Daily living all too easily takes on the feeling of a extended intermission before the elusive third act. We seek, we strive, we taste victory and defeat, but at three in the morning we wonder when we’ll finally be able to rest, when we’ll finally see the plot resolution unfold before us. Uncertainty about the future is responsible for more insomnia than all the coffee beans in Columbia.
No one knows what the garden will look like this year, and we’re all frantic to see what’s been percolating beneath the ground while we’ve been stewing beneath the blankets. But the soil is still cold, and so is the wind, and it’s way too early to imagine exactly what we’ll be watering in our flip flops this summer.
It’s so easy to forget that winter and spring have been around ages before us and will last long after we’ve done our time.

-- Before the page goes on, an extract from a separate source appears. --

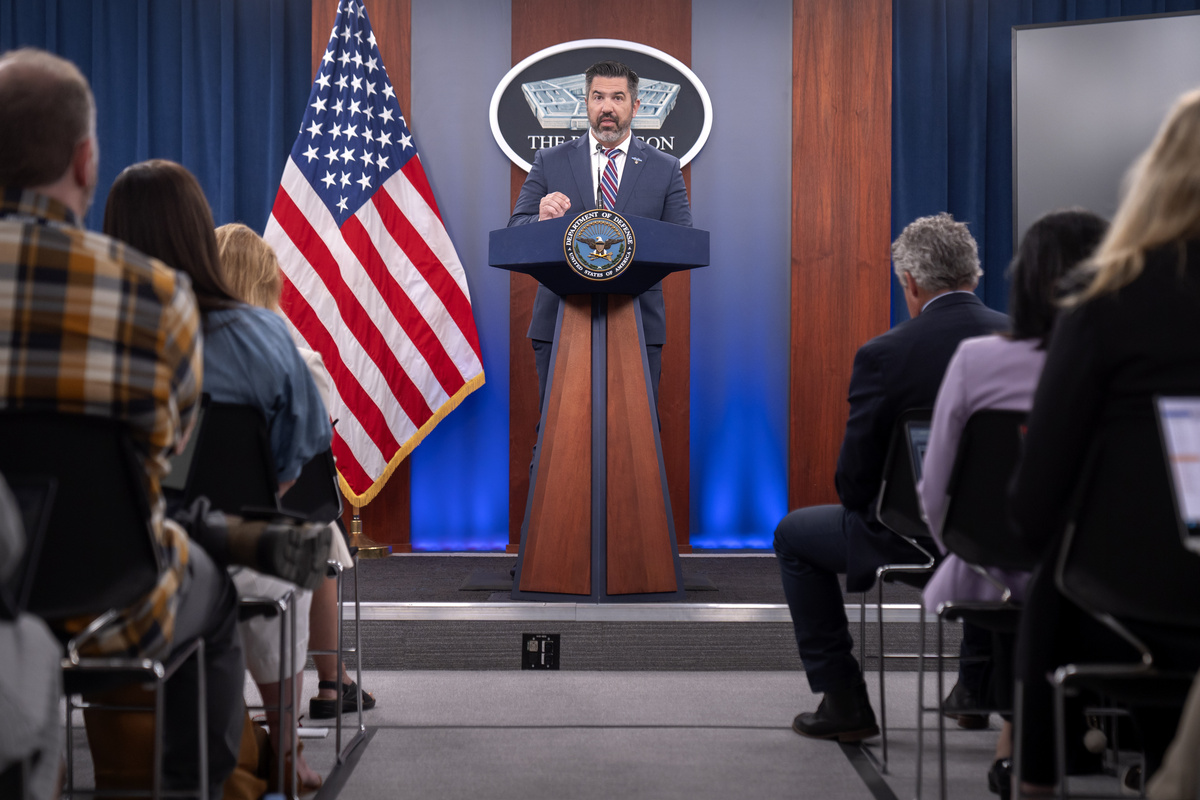 美国现任总统是谁？ - 查询最新信息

We worry and wonder and wring our hands, and the garden comes back every year, and it’s never quite as we imagined it, but it’s almost always better in some way we never thought to wish for.
Perhaps we just need a reminder. A warm breeze carrying the smell of sweetened soil, an afternoon that finds your sweater cast aside, the first new leaves beginning their eternal lime green march up the ridges. An ancient cellular call stirred by light, warmth and dogwood blossoms.
Hope springs eternal, my darlings, and spring is coming.